60 percent of the advisors would increase their allocations to alternatives if they were more liquid, and 43 percent said would allocate more if investment performance improved, according to the report. More than half (54 percent) of respondents said the lack of liquidity is not suitable for clients.

Liquid alternative investments represent 28.2 percent of advisors’ alternative investments and is expected to grow to 32.1 percent by 2023, according to Cerulli’s report, reflecting a desire for these products, even as some of these products are facing realization. Ninety-four liquid alternative mutual funds closed in 2020, according to the report.

However, the same attributes that make alternative investments attractive often make them illiquid.

“There’s definitely this conundrum there that in order to have a true alternative investment allocation, something like private equity, you have to be able to lock funds up for a very, very long period of time and give managers complete discretion,” Shapiro said.

However, some alternative investments provide some form of liquidity, like interval funds, tender offer funds, and non-traded REITS, which allow subscriptions and redemptions on some basis. The report calls these types of alternative investments convergence zone products because they are longer-term but provide some liquidity.

“You can’t just sell [convergence zone assets] on a random Tuesday.
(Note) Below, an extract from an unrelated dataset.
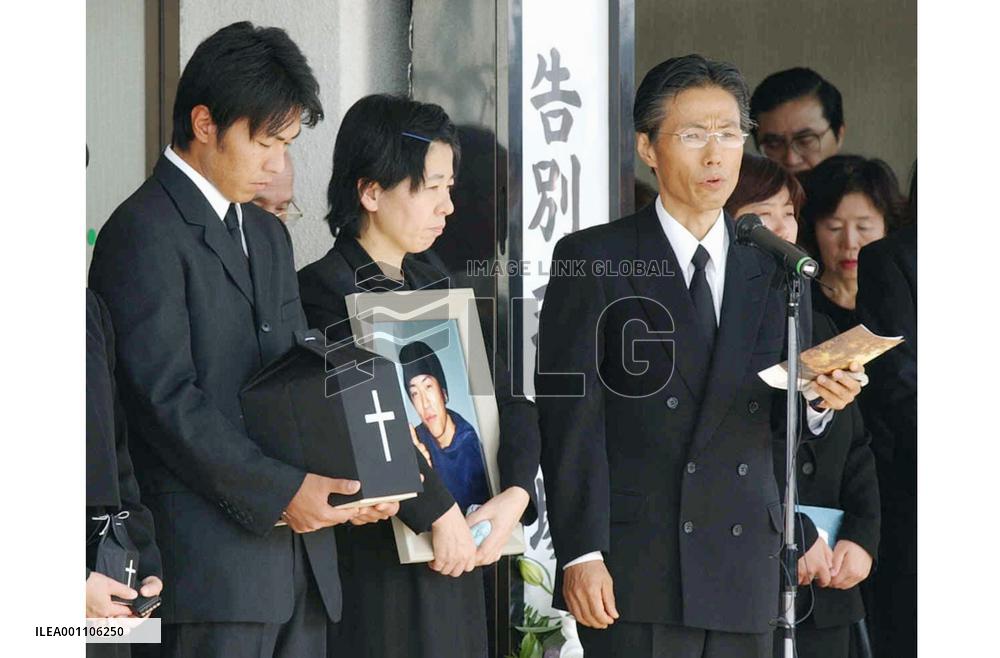 Family holds funeral for slain hostage Koda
But you can get — if you need the money in a month, or maybe if you need [it] at the end of the quarter — then you can actually get either the full portion back or you may be able to get some portion back,” Shapiro said.

Although alternative investments are set to increase slightly over the next two years, asset managers still need to offer alternative products that have more attractive fees, have enhanced liquidity, are better tied to client needs for income, and make convergence zone products more prominent, Shapiro said.

This is important, Shapiro said, because access to and investment in private markets through alternative investments can help solve the needs of advisors.

“You have infrastructure, which can offer inflation protection, and advisors are very concerned about inflation. You have private equity, which has had tremendous returns over a long period of time, they can potentially serve as diversifiers for advisors. So, when you combine these together, it does make sense that advisors should be allocating more and more to alternative investments,” Shapiro said.